Here are a few fascinating facts about Egypt’s new Grand Egyptian Museum for those who are interested in learning more about the project’s history and the museum itself.

  • The Grand Egyptian Museum’s ceremonial cornerstone was laid in the beginning of 2002, but no architectural or construction firms had been chosen yet to construct the new museum complex.
  • After a lengthy international competition, the main contract for the design of the Grand Egyptian Museum was given to the Irish architectural firm Heneghan Peng in 2003. However, the Egyptian government says that a team of 300 people from 13 companies in six different countries helped with the design phase of the project.
  • The Grand Egyptian Museum was built over three distinct phases:
    • The execution of tasks necessary to clear and secure the site and prepare it for the construction of buildings was the focus of Phase I’s “enabling works.”
    • In addition to the main museum building, a fire station, an energy center that supplied the site with electricity and air conditioning, and a world-class conservation center were built during Phase II.The construction of the main museum building, excavation and contouring of the land, and site landscaping were all part of Phase III.
  • The Grand Egyptian Museum’s initial cost was estimated to be around $500 million; however, delays, modifications, and other factors have increased the final cost to over $1 billion.

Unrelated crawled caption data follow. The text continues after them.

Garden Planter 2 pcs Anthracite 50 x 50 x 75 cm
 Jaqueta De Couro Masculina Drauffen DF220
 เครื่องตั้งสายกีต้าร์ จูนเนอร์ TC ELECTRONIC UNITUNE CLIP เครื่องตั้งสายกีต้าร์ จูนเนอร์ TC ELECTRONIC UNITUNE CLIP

  • An enormous 3,200-year-old statue of Ramses II that had previously stood in the middle of a traffic circle in Cairo known as Ramses Square was one of the first items to be transferred to the Grand Egyptian Museum. The government decided in 2006 to transport the 83-ton statue to the conservation center in order to stop its deterioration in the midst of the pollution that had surrounded it during its five-decade residence in the square, despite the fact that the new museum was far from finished at the time. In 2018, the statue was moved to the GEM’s main entrance, where it will rest forever.
  • The Grand Egyptian Museum will house approximately 100,000 ancient artifacts, 4,549 of which will be from the famous King Tutankhamun’s tomb, when everything is finally transferred from the Egyptian Museum’s publicly displayed collections as well as its much larger private storage areas.
  • It is anticipated that the Grand Egyptian Museum will receive approximately 15,000 visitors each day, which is roughly three times the number of visitors to the current museum each day. Over 5 million visitors annually will result from this.
  • The Egyptian Museum and the Pyramids have been roughly 45 minutes apart for more than a century. The former is in Tahrir Square in the heart of downtown Cairo, while the latter is on the Giza Plateau to the west of the city at the edge of the Sahara Desert. However, the new Grand Egyptian Museum will be just two kilometers away from the Pyramids, making it much simpler for visitors to travel between the two and reducing traffic in Cairo and Giza.